> What you will do: Return the following lines and nothing else: the one holding "Opony Zimowe WInter-C2" and all those after it in the records below, unchanged, minus any pictures.

- - -

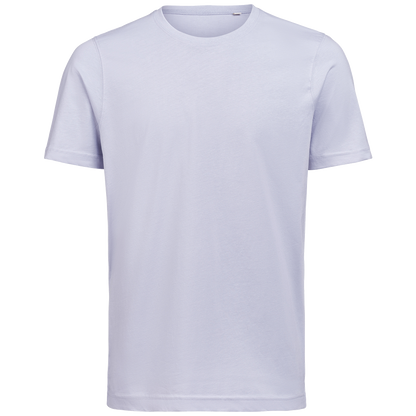 untagged-movement-t-shirt-ocs-regular-fit-3410010-asterwit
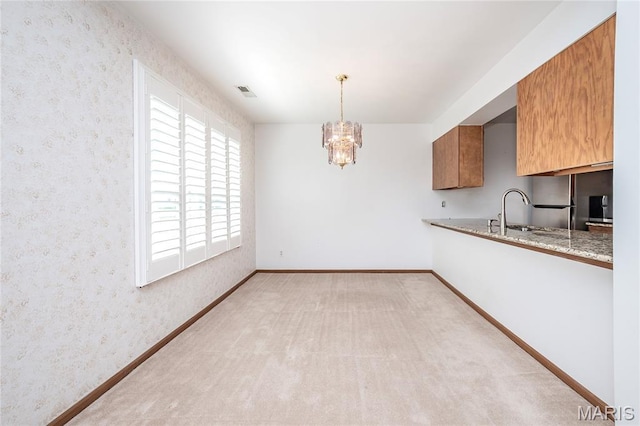 4318 Sunridge Dr Unit C, Saint Louis, MO 63125 - photo 4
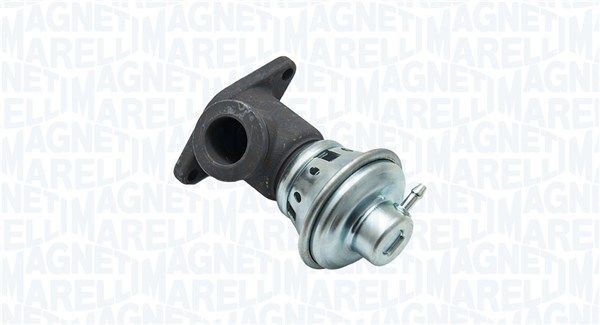 MAGNETI MARELLI EGR valve Article number: 571822112221 cheaply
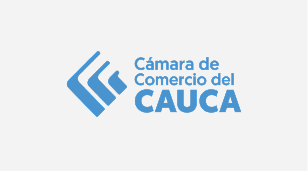 Cámara de Comercio del Cauca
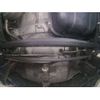 suzuki spacia 2014 -SUZUKI 【岡崎 580ﾀ 574】--Spacia DBA-MK32S--MK32S-228717---SUZUKI 【岡崎 580ﾀ 574】--Spacia DBA-MK32S--MK32S-228717- image 7
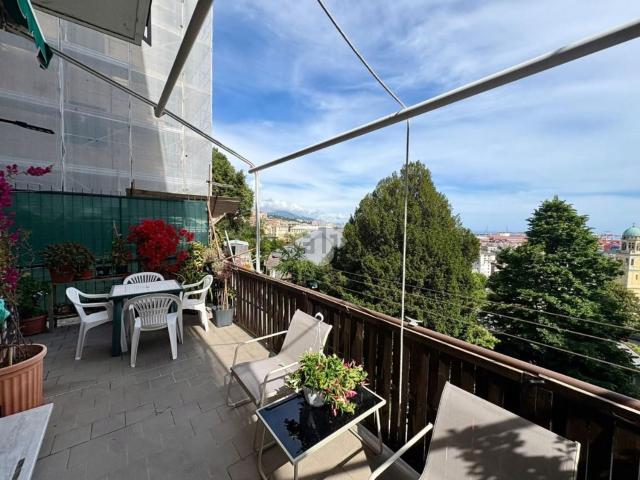 Appartamento in vendita di 76 m² in Via Col di Lana, 29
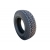 Opony Zimowe WInter-C2  - 225/60R17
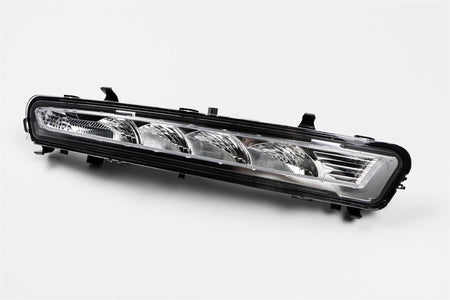Hella LED Left Daytime Running Light for Ford, OEM quality, OEM 1 725 080, MPN 2PT 010 572-011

- - -

> Response:
 Opony Zimowe WInter-C2  - 225/60R17
Hella LED Left Daytime Running Light for Ford, OEM quality, OEM 1 725 080, MPN 2PT 010 572-011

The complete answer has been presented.